On the contrary, actor–critic policy gradient models necessitate the utilization of at least two neural networks types for training: one (the actor) shares a structure resembling that of a DQN, but its a-th output aims to yield $\pi \left(a\right|s)$. The other type endeavors to approximate $V\left(s\right)$, mirroring the actor in terms of number of inputs and featuring a single output value.

Various approaches have been developed enhance DQN training and policy gradient methods. For additional information, we direct readers to the following references: [51,52]. In this manuscript, we employ the Advantage Actor–Critic (A2C) training algorithm [52], which is characterized by its designed loss function outlined in Equation (25).

$$LogLoss=-\sum _{t}Adv(s_t,a_t)log\pi \left(a_t\right|s_t)$$

(25)

$$MSE=\sum _t{\left(r(s_t,a_t,s_{t+1})+\gamma ma{x}_{a_{t+1}}\left[\widehat{Q}(s_{t+1},a_{t+1})\right]-\widehat{Q}(s_t,a_t)\right)}^2$$

(26)

2.4. Quantum Neural Networks

Quantum Neural Networks (QNNs) play a pivotal role in Quantum Machine Learning (QML) [53,54], utilizing Variational Quantum Circuits (VQCs). These VQCs are hybrid algorithms, combining quantum circuits with learnable parameters optimized utilising classical techniques. They have the ability to approximate continuous functions [53,55], enabling tasks such as optimization, approximation, and classification.
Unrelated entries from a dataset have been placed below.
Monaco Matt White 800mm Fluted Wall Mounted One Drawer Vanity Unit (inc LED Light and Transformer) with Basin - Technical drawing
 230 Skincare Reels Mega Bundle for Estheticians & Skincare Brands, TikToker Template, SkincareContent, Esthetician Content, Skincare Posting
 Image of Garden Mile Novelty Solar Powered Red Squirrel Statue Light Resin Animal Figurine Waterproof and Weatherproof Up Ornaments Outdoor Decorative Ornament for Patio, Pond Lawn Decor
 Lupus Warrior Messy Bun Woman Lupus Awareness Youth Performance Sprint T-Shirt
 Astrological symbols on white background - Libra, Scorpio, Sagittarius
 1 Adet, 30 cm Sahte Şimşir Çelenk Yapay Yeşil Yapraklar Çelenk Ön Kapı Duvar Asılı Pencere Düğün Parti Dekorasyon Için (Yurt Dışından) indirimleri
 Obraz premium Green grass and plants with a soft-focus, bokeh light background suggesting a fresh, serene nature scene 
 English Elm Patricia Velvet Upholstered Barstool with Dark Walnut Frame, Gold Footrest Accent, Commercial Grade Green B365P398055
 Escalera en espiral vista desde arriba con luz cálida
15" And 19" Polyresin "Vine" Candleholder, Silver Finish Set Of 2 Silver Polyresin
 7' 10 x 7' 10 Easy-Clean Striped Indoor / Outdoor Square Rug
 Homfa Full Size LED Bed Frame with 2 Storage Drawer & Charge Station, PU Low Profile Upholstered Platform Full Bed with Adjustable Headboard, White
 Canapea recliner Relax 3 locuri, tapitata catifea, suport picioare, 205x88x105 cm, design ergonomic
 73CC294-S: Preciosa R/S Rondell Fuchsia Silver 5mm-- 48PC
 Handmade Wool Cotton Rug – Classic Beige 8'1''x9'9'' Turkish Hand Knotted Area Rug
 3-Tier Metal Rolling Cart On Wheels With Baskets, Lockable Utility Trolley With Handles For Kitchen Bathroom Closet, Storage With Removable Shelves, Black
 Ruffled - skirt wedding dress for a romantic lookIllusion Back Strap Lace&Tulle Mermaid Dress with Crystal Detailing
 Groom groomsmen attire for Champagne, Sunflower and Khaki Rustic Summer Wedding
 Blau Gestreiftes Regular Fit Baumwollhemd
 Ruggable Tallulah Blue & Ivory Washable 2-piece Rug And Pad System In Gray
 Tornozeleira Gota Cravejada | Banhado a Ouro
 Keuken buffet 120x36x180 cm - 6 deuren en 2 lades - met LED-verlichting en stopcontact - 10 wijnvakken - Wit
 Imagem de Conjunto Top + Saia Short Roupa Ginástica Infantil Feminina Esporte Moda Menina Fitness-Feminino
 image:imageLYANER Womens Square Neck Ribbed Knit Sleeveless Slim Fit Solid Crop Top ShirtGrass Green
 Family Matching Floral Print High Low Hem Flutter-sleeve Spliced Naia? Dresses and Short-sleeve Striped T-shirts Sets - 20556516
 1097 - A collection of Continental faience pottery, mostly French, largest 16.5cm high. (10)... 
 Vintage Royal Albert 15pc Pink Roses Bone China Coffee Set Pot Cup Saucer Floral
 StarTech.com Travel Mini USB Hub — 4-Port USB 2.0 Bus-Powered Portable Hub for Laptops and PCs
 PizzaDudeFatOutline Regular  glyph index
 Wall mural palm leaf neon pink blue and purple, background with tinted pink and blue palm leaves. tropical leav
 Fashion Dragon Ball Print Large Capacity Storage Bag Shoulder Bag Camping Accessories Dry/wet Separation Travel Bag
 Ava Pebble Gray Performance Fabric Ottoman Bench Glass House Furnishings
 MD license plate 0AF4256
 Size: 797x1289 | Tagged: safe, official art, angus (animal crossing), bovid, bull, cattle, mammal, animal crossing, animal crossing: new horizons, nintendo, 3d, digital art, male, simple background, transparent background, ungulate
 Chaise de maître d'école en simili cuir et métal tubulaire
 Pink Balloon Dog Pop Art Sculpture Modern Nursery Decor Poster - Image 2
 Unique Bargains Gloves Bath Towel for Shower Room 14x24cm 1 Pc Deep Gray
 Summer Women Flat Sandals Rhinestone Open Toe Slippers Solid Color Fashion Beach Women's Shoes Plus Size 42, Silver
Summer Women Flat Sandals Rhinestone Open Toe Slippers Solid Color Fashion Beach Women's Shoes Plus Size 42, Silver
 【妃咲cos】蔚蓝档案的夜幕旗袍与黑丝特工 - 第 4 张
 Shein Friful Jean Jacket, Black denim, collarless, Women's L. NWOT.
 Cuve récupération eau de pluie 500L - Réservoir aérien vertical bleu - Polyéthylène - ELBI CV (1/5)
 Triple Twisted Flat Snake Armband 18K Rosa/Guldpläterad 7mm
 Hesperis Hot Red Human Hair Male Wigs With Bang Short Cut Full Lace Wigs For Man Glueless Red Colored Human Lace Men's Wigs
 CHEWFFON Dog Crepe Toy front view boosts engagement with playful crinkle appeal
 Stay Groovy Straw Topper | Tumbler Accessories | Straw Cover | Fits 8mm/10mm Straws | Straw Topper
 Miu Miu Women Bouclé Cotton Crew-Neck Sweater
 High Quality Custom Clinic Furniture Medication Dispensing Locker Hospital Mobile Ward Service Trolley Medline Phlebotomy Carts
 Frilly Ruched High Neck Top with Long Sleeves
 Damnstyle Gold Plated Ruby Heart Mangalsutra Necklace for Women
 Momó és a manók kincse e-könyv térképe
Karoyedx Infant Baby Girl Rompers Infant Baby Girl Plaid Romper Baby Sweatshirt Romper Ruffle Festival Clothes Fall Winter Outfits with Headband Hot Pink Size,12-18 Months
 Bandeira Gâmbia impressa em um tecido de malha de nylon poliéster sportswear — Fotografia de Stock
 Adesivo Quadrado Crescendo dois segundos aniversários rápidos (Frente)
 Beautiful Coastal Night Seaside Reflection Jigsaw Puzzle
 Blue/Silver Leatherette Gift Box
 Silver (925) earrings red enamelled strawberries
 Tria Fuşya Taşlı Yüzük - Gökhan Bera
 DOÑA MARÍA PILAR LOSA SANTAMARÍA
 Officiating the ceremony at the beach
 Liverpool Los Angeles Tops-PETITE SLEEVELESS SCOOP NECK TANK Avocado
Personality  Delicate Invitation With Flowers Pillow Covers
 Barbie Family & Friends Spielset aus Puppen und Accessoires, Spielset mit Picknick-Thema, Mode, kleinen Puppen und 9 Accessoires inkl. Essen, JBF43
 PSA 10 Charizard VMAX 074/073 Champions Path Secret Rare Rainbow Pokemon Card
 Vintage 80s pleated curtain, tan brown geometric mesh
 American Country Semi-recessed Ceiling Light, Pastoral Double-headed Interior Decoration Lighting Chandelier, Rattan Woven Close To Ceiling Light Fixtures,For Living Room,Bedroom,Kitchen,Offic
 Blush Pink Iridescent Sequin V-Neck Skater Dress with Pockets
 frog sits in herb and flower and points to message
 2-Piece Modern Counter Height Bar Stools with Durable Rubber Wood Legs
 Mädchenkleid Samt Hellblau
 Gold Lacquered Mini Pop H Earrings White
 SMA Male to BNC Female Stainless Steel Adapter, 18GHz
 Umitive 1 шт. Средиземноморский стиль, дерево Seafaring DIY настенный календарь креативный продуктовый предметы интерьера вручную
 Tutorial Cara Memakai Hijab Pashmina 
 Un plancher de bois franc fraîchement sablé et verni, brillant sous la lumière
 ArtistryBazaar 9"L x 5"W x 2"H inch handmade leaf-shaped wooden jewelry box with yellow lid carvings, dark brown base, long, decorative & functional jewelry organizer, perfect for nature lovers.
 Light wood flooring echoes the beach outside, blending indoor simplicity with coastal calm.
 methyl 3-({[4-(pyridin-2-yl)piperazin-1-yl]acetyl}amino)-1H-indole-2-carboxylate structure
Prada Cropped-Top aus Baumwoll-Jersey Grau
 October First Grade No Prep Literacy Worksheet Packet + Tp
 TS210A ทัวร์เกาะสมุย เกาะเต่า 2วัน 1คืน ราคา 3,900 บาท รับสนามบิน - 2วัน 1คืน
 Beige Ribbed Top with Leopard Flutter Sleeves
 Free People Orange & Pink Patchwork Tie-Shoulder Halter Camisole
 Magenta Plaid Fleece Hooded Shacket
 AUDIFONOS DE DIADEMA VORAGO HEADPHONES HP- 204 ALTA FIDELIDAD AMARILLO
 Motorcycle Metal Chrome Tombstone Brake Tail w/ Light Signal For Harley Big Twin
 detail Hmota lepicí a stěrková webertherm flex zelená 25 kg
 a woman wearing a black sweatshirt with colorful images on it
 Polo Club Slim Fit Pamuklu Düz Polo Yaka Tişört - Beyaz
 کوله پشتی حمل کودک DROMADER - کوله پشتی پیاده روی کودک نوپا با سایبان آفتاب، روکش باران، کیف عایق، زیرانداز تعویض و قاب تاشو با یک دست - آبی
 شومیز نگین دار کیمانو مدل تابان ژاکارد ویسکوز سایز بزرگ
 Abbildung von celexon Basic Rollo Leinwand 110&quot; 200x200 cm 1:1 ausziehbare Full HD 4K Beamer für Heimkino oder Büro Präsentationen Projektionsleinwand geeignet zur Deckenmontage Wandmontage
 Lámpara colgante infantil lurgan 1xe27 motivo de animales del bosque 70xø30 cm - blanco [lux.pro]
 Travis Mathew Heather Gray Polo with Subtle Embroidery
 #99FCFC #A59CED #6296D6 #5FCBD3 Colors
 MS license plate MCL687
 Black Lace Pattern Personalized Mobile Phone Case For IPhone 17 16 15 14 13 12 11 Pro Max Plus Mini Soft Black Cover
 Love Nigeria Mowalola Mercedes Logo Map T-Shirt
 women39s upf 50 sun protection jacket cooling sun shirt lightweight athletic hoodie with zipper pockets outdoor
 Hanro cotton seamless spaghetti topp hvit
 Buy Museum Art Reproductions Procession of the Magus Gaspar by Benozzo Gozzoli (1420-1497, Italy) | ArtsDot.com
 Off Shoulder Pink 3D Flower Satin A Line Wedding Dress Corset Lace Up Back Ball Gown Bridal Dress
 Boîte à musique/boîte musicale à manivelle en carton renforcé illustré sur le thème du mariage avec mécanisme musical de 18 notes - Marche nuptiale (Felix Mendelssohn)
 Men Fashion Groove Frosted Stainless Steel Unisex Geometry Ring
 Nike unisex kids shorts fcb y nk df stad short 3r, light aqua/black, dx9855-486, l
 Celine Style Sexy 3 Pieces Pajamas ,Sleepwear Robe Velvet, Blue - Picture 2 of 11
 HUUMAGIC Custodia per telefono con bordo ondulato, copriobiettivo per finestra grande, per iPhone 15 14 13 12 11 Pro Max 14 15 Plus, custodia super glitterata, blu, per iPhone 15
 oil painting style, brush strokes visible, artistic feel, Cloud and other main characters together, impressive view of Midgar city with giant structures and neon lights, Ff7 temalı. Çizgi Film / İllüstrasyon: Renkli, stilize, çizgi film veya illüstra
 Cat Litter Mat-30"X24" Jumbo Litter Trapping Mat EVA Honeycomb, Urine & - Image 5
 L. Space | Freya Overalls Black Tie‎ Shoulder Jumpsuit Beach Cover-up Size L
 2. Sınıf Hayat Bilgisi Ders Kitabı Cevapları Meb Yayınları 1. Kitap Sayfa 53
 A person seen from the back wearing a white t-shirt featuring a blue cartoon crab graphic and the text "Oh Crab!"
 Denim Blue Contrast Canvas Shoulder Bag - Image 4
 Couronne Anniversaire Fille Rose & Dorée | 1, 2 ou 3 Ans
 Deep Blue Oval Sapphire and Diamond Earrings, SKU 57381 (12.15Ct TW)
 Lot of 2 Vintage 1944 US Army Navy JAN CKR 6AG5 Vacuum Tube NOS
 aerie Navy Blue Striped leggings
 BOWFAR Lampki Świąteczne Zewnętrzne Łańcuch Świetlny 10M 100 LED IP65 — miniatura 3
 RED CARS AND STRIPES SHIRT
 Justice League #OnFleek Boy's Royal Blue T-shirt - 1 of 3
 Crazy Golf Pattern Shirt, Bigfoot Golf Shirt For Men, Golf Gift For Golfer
Figure 6 depicts the overall structure of a VQC. This hybrid approach involves the following stages [56]:

The VQC workflow comprises several steps:

• Pre-processing (CPU): Initial classical data preprocessing, which includes normalization and scaling.
• Quantum Embedding (QPU): Encoding classical data into quantum states through parameterized quantum gates. Various encoding techniques exist, such as angle encoding, also known as tensor product encoding, and amplitude encoding, among others [57].
• Variational Layer (QPU): This layer embodies the functionality of Quantum Neural Networks through the utilization of rotations and entanglement gates with trainable parameters, which are optimized using classical algorithms.
• Measurement Process (QPU/CPU): Measuring the quantum state and decoding it to derive the expected output. The selection of observables employed in this process is critical for achieving optimal performance.
• Post-processing (CPU): Transformation of QPU outputs before feeding them back to the user and integrating them into the cost function during the learning phase.
• Learning (CPU): Computation of the cost function and optimization of ansatz parameters using classic optimization algorithms, such as Adam or SGD. Gradient-free methods, such as SPSA or COLYBA, are also capable of estimating parameter updates.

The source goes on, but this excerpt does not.